From a photograph by Solomon D. Butcher of four daughters of rancher Joseph M. Chrisman, at their sod house in Custer County, Nebraska. From left to right, Harriet, Elizabeth, Lucie, and Ruth. Photographed in 1886.

Friday, January 09, 2009

Film and Slide Scanner

New computer toy


Dennis and the kids got me a little Vupoint film and slide scanner for Christmas and I've been playing with it for a couple of days.

I have about 150-200 slides from our school teaching days in Bolivia and I'm looking forward to scanning them. I already have prints of most of the negatives I own, but I'm sure I'll play with negative scanning too.

I have mixed feelings about the scanner. It seems to do fairly well on a typical image with scenery, but it loses all the detail in any large light areas. The adjustments I can make don't have much effect.

How can I complain too much, when I've created a number of acceptable digital images of slides that I haven't viewed in years?! However, it is frustrating to look at a perfectly good image through the viewfinder and then be unable to transfer what I see.


 
Screen shot of the preview of the slide

The scanned image -- best one I got after much tinkering

The scanner came with a program called Photo Impressions 6, but I am experimenting with scanning the images into some other image processing programs.


Here's one of the slides I scanned tonight. Dennis took this photo of me in Cochabamba, Bolivia, in 1981. If I remember correctly, there was a monument on this hilltop to the brave women of Cochabamba who defended the city against attack when all their men were doing battle elsewhere.

I'm not sure if this was before or after someone tried to cut into my purse with a razor blade at La Cancha, the huge, crowded open market. Fortunately, the purse was made of heavy leather with lots of seams, and the thief couldn't make a big enough hole to get anything out. I didn't feel the attack, and I was shocked when I saw the slashes.

6 comments:

Mark said...

That scan looks pretty good when it's enlarged.
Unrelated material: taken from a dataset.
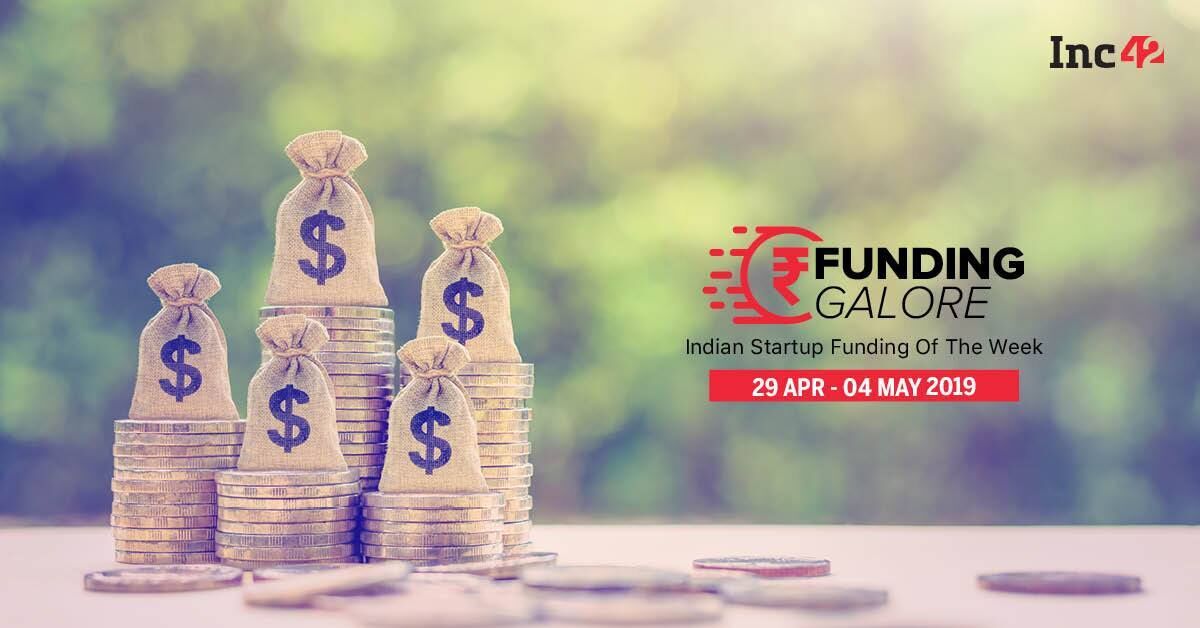 Funding Galore: Indian Startup Funding Of The Week [29 Apr-4 May]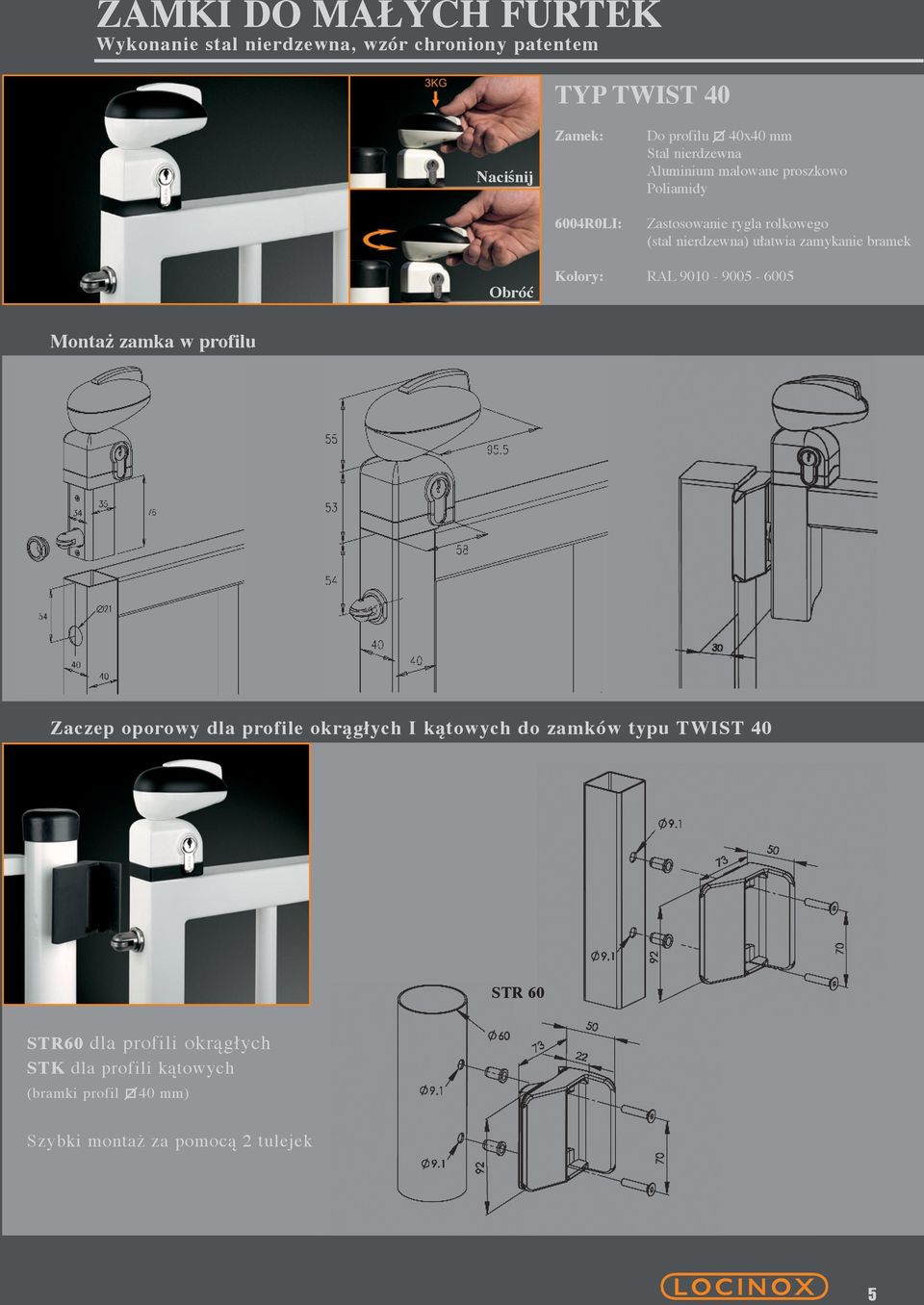zamykanie bramek Obróć Kolory: RAL 9010-9005 - 6005 Montaż zamka w profilu Zaczep oporowy dla profile okrągłych I kątowych do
My father took slides for many years when he and my mother traveled around the country in retirement. There are probably several thousand slides sitting in their slide trays. And I used to take slides, too. No one has looked at one of them in years. What a shame.

GuyMuse said...

My wife and I are looking into getting a slide scanner for our slides of Ecuador taken in the 60's and 70's, but did not know what features to look for in the various choices. What do you mean when you write it "loses detail in large light areas"?

Genevieve said...

Guy, I added a set of images that should demonstrate pretty clearly how the detail is lost. The scanner overcompensates when there's a lot of contrast in the photo. I've read in various reviews that this is a common complaint with this scanner.

GuyMuse said...

Thanks for the response.

Emilie said...

You seem to be doing exactly what I've been unable to do. I know this must sound dreadfully dumb, but how do I transfer the picture on the slide to either Picasa or My Pictures as a picture, not a picture of a slide?
I've managed to get it into Picasa all right from my Epson Perfection 3170 scanner and there enlarge and edit to show only what I want. But if there's a way to save it at that point, I haven't been able to find it. I invariably end with a picture of a slide.

Genevieve said...

Emilie, you should be able to edit the image and then click "File". A menu will drop down and you can click "Save a copy as", I think, to save the image in its edited form.